Encapsulation/Decapsulation

If you’re studying for network+, CCNA, or just anything networking you are going to encounter the word encapsulation and decapsulation A LOT. Encapsulation and decapsulation is the heart of how computers are even able to talk to each other. You most definitely would not be viewing this right now if bits never turn into signals and signals back into bits. Let’s dive into it!


Encapsulation is a process used by layer 4 to layer 2, so that the layers below it and the layers on another host machine can interpret and process data. Without encapsulation frames would never get sent to the right MAC address, IP packets would never get to the right destination IP, applications would never go into the right port consistently. So what is it? Encapsulation is the process where each layer takes data and adds their own control information in the form of headers and trailers specific to that specific layer so it can be understood and processed by other layers on both the same device and the receiving device. PDUs are what the data is called after it has been encapsulated and ready to be transmitted. PDUs are different for every layer and are very important for understanding any kind of networking topic so here is the list. 

Whenever you hear, a frame is being transmitted across the network, you know that it is for layer 2. If you hear a packet has traversed the network, you know that it is layer 3. The control information being added is valuable information, and data gets encapsulated starting from layer 7 and goes down one until it reaches layer 1. Lets break down what kind of control information is being added starting from Layer 4. The transport layer is responsible for applications arriving on the port it’s supposed to be in. The transport layer adds protocol-specific headers such as TCP or UDP, including source and destination ports. So if it came from telnet, then the port is TCP port 23, or DHCP is UDP port 67 or 68. The information is then handed to the network layer. The control information in a layer 3 header has vital information such as version(IPv4 or IPv6), total length (size of the header and the payload), source IP, destination IP, and more. As you can see this is CRITICAL information being added, the router will have absolutely no idea where to forward a packet without a destination IP. This packet then goes onto the data link layer. At this layer, the control information added is in the form of not just a header but also a trailer. It includes source MAC, destination MAC, and FCS in the trailer. As you can see here even though there’s a destination IP, the IP packet cannot be transmitted on the local link without being encapsulated with a destination MAC address. When it arrives at the physical layer, control information is not really added here but encoding and decoding happens here which is crucial. Before the physical layer can transmit the signal through the link it’s stuck with bits?
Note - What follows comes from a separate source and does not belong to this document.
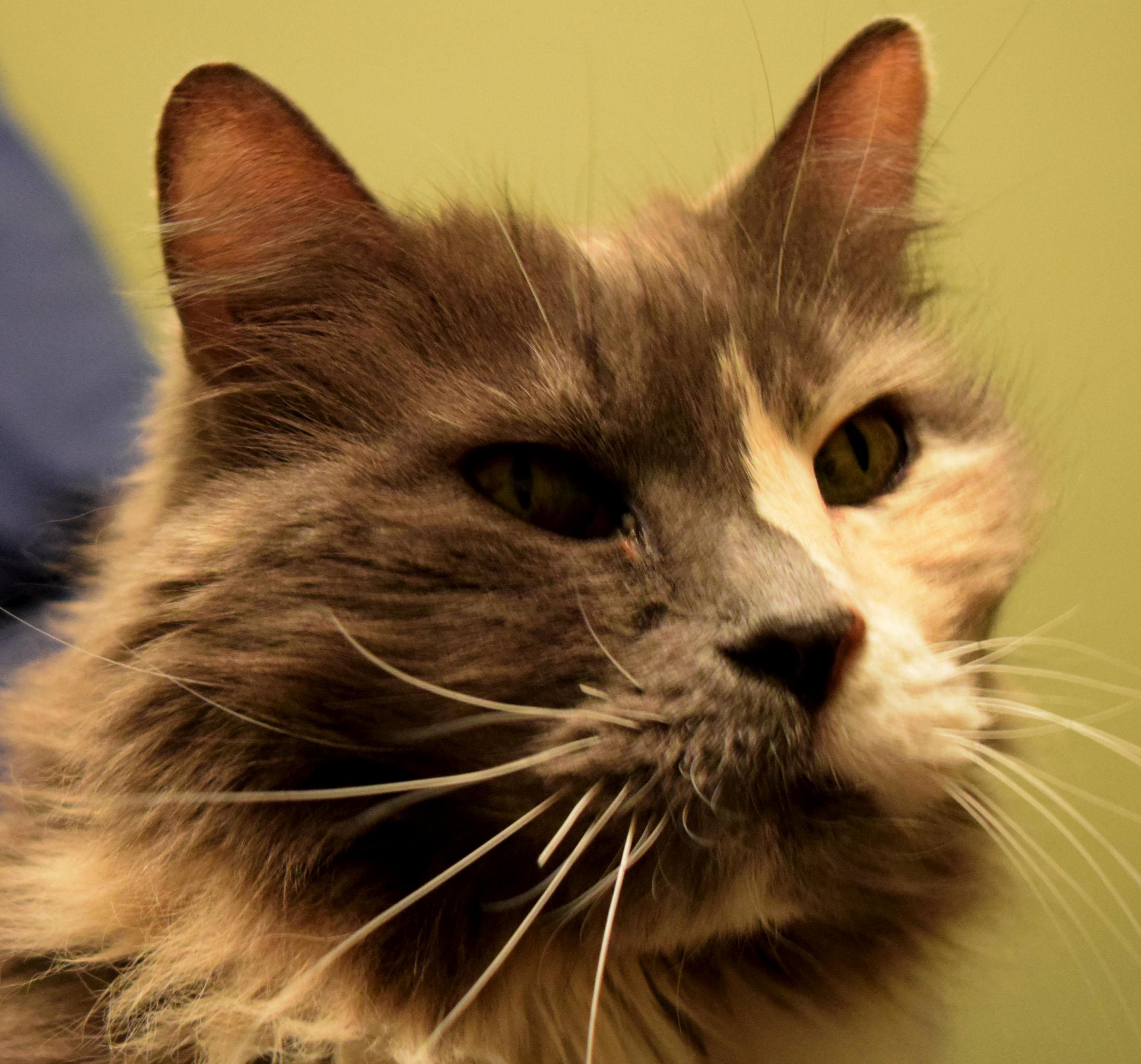 A Cat Named Fish. After 14 Years I Had to Say Goodbye Yesterday. Im Sad Beyond Words but Also Glad She Isnt Suffering Anymore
If you’ve read past blogs, cables don’t transmit bits, they transmit signals whether electrical or pulses of light. So the physical layer’s job here is to turn those bits into signals to another host. 

When the receiving host gets it, the process is something called decapsulation. This is reading and interpreting what the other layers on the sending device put, taking the appropriate action with that information, removing any headers and passing it up the protocol stack. It is essentially the opposite instead of it going from layer 7 to layer 1, goes from layer 1 to layer 7 and the data will arrive unaltered ready to be used. When it gets the layer 1, the physical layer turns the signals back into bits. When it gets to layer 2, it reads the header, sees the destination MAC, checks the FCS to make sure it is not corrupt and is on its way. At the network layer, the destination IP address is checked, and sees that the packet belongs to them and goes up to transport. At the transport the protocol is checked, and sees the port number and forwards it to the correct port where it should be expected. And it keeps going up the protocol stack until it is fully ready for use at the application layer. 

Same-Layer vs Adjacent-Layer Interaction 

In the OSI layer, each layer is doing a service either to the layer above it in the protocol stack or the same layer on the other device’s protocol stack. When a layer is providing a service the layer above it, such as the data link providing a service to the network layer on the same device is called adjacent-layer interaction. What does it mean for a layer to provide a service to the one above it though? Say layer 3 wants to send a packet to another subnet, well how will it get to that subnet? It needs to go to the default router, and what information is needed to get to the default router, a MAC address. Layer 3 doesn’t deal with MAC addresses? The layers below it provide a service that the network layer can’t do. Layer 2 handles the framing, and error detection. But what’s needed for the frame to travel a link? It needs encoding, well who does that encoding? The physical layer handles that, the physical layer then provides a service for the data link layer by taking care of turning the bits into the correct signal via encoding.

Not only do layers communicate on the same device but they communicate to other protocol stacks on the device that is receiving the encapsulated data. So the physical layer can speak to the receiving physical layer. The data link layer can speak to the receiving data link layer, this is called “same-layer interaction.” These layers are communicating because of the control information that is added in the header and trailers. An example of a same-layer interaction is switch1 talking to switch2 and switch2 looks at the FCS from switch1 and verifies that the ethernet frame is not corrupt. Another example is a router putting source and destination IP and sends the packet to router2. Router2 will read the destination IP and make a forwarding decision based on the control information in that header. This is how same-layer interaction allows for different devices to communicate.